Meditation: A Key to a Better Life


Cynthia Burke’s drive to understand her spiritual purpose led her to follow the philosophy of mystic George Gurdjieff

The older people in our community have tons of stories and morals to teach us. 

Connecting younger generations with older adults is the goal of the organization Rhinebeck At Home. At a recent event, I met Cynthia Burke. As we started to converse, our passions began overlapping, and I became enthralled by her. So, I sought an interview with her to talk about things we’re both interested in.

I was completely mesmerized. A fairly new Rhinebeck resident, Cynthia,

and I planned time to chat on our own time.

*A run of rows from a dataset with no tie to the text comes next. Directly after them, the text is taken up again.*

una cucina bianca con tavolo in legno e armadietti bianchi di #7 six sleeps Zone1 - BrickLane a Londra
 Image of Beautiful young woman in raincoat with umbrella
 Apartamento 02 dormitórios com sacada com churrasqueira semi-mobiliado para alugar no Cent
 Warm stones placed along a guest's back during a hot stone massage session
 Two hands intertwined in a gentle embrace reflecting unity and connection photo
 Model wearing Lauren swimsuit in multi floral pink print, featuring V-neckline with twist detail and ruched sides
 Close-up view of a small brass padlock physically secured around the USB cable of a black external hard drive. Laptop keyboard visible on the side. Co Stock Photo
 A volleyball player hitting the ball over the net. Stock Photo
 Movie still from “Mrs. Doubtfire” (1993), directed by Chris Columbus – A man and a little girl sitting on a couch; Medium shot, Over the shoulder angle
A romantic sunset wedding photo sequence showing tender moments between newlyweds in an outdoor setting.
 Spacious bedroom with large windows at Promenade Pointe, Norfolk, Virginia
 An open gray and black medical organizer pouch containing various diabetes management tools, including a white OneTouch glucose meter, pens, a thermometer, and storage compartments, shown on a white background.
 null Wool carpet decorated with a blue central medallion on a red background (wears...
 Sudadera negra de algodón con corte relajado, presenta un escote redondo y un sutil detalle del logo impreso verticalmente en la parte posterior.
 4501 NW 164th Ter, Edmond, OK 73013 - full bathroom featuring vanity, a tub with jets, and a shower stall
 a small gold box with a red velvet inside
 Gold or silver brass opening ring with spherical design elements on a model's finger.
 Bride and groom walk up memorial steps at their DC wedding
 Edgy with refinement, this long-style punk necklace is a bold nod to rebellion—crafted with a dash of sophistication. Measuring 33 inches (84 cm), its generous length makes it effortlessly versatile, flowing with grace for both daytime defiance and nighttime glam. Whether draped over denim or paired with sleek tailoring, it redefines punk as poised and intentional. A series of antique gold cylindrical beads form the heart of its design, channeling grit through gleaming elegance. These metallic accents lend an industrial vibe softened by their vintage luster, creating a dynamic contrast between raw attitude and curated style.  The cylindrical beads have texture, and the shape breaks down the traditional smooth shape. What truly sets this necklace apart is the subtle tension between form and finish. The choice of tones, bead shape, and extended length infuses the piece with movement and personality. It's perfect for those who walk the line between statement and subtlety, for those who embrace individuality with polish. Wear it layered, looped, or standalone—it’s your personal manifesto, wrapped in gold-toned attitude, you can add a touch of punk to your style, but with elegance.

We called each other only a couple of days following the meeting, and I was completely mesmerized throughout the entirety of our hour-and-a-half call. The main focus was meditation—something Cynthia has been doing for 53 years. 

“The only thing worth doing in life is looking inward,” said Burke. 

She has discovered this wisdom through her meditation practices. Her words were brilliantly spoken. We made another plan to meet, so she could guide me through the process of meditation.

It’s not like meditation is a hot, new trend; it has been used for centuries. According to the National Institutes of Health, meditation, a.k.a the practices used to focus on the mind and body, is used to “calm the mind and enhance overall well-being.”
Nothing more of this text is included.